Here I start by defining the square boundary as four segments, but then to have a single boundary segment I combine the segments into a single vector. I then create the mesh using generate_mesh, and then put the geometry together using FVMGeometry.

Now having defined the mesh, let us define the boundary conditions. We have a homogeneous Dirichlet condition, so let us simply set

bc = ((x, y, t, u::T, p) where {T}) -> zero(T)
type = :Dirichlet # or :D or :dirichlet or "D" or "Dirichlet"
BCs = BoundaryConditions(mesh, bc, type, BN)

Next we must define the actual PDE. The initial condition, diffusion, and reaction functions are defined as follows:

f = (x, y) -> y ≤ 1.0 ? 50.0 : 0.0 # initial condition 
D = (x, y, t, u, p) -> 1 / 9 # You could also define flux = (q, x, y, t, α, β, γ, p) -> (q[1] = -α/9; q[2] = -β/9)
R = ((x, y, t, u::T, p) where {T}) -> zero(T)

Using f, we compute the initial condition vector:

u₀ = @views f.(points[1, :], points[2, :])

We want the flux function to be computed in-place when it is constructed from D, so we will set iip_flux = true. Lastly, we want to solve up to t = 0.5, so final_time = 0.5 (initial_time = 0.0 is the default for the initial time).

iip_flux = true
final_time = 0.5
prob = FVMProblem(mesh, BCs; iip_flux,
    diffusion_function=D, reaction_function=R,
    initial_condition=u₀, final_time)

This now defines our problem.

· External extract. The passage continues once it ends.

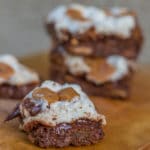 chewy candy bar blondies on a wood board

Note that the delay function has been defined as the identity function, and the flux function has been computed from the diffusion function so that $\boldsymbol{q}(x, y, t, \alpha, \beta, \gamma) = (-\alpha/9,-\beta/9)^{\mathsf T}$.

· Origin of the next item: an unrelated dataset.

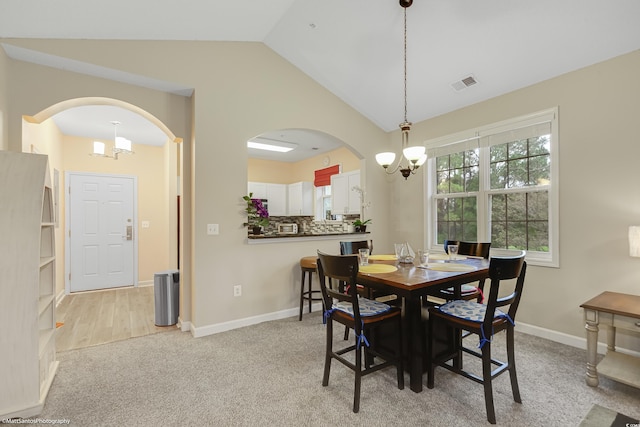 dining space with a notable chandelier, visible vents, light carpet, vaulted ceiling, and baseboards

Now having the problem, we can solve it:

alg = TRBDF2(linsolve=KLUFactorization(), autodiff=true)
sol = solve(prob, alg; specialization=SciMLBase.FullSpecialize, saveat=0.05)

julia> sol
retcode: Success
Interpolation: 1st order linear
t: 11-element Vector{Float64}:
 0.0
 0.05
 0.1
 ⋮
 0.45
 0.5
u: 11-element Vector{Vector{Float64}}:
 [50.0, 50.0, 50.0, 50.0, 50.0, 50.0, 50.0, 50.0, 50.0, 50.0  …  0.0, 50.0, 50.0, 50.0, 0.0, 50.0, 50.0, 0.0, 0.0, 50.0]
 [...] (truncated)

You can use sol as you would any other solution from DifferentialEquations.jl (e.g. sol(t) returns the solution at time t). To visualise the solution at the times t = 0.0, t = 0.25, and t = 0.5, the following code can be used:

pt_mat = Matrix(points')
T_mat = [collect(T)[i][j] for i in 1:length(T), j in 1:3]
fig = Figure(resolution=(2068.72f0, 686.64f0), fontsize=38)
ax = Axis(fig[1, 1], width=600, height=600)
xlims!(ax, a, b)
ylims!(ax, c, d)
mesh!(ax, pt_mat, T_mat, color=sol.u[1], colorrange=(0, 50), colormap=:matter)
ax = Axis(fig[1, 2], width=600, height=600)
xlims!(ax, a, b)
ylims!(ax, c, d)
mesh!(ax, pt_mat, T_mat, color=sol.u[6], colorrange=(0, 50), colormap=:matter)
ax = Axis(fig[1, 3], width=600, height=600)
xlims!(ax, a, b)
ylims!(ax, c, d)
mesh!(ax, pt_mat, T_mat, color=sol.u[11], colorrange=(0, 50), colormap=:matter)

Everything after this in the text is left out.